Top of DATA FOR THIS EXERCISE
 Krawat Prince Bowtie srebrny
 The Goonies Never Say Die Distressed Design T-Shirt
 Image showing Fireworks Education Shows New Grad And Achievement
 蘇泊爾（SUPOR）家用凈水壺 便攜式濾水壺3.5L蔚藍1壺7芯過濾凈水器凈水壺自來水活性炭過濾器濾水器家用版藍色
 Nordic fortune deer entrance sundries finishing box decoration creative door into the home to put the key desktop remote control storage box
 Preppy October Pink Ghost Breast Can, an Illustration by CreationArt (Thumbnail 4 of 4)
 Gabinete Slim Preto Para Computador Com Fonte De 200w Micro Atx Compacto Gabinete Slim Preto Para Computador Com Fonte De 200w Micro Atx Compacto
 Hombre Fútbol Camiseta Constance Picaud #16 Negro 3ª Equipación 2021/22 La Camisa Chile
Bottom of DATA FOR THIS EXERCISE
- WHAT IS EXPECTED -
Reproduce exactly the final stretch of the listing, starting at the line that contains "Preppy October Pink" and ending with the last line.

- WORKED SOLUTION -
 Preppy October Pink Ghost Breast Can, an Illustration by CreationArt (Thumbnail 4 of 4)
 Gabinete Slim Preto Para Computador Com Fonte De 200w Micro Atx Compacto Gabinete Slim Preto Para Computador Com Fonte De 200w Micro Atx Compacto
 Hombre Fútbol Camiseta Constance Picaud #16 Negro 3ª Equipación 2021/22 La Camisa Chile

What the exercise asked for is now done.